Earlier this week senators voted 61-20 to impeach Ms Rousseff over accusations she used public money to hide budget deficits.
Ms Rousseff has always denied the claims and Christian Aid has said no evidence proving she mismanaged taxpayer's money has been produced.
Reports have said inquiries into the budgetary allegations have also regarded Dilma Rousseff's wider record in government, which has seen long-running strikes, allegations of corruption regarding the country's state-owned oil company and claims Brazil was ill-prepared for the 2016 Summer Olympics.
Most Rev da Silva said: "The Senators condemned the President for a crime but didn't forbid her from running for another public position. This just makes clear that what happened was a coup.

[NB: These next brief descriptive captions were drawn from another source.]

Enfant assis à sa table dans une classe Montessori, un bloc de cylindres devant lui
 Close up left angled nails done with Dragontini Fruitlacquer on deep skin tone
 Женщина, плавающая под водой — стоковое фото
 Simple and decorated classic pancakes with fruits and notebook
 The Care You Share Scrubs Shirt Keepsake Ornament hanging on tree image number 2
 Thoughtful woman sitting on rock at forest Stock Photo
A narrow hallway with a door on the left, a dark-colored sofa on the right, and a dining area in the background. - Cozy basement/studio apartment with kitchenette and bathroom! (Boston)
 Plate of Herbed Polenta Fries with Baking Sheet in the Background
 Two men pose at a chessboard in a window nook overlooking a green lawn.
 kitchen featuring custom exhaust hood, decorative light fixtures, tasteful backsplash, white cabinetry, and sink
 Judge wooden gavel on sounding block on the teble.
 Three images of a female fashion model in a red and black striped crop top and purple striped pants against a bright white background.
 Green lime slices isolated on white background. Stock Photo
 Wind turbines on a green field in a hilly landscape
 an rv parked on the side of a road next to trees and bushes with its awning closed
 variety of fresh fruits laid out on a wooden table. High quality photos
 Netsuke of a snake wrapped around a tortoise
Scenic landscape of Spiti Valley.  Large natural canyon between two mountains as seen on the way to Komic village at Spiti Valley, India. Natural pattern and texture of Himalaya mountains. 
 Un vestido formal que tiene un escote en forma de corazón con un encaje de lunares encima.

"There was no real crime - just a matter of taking her out of power.
"Our partners abroad have to know how deep are the setbacks we face now.
"We can already name three: the slowing of corruption investigations, setbacks to social rights and increasing private control over Brazil's natural resources and public goods."
The Archbishop added what he believed should be the Brazilian response: "To resist, to resist, to resist. This is how we will face this coup and the setbacks."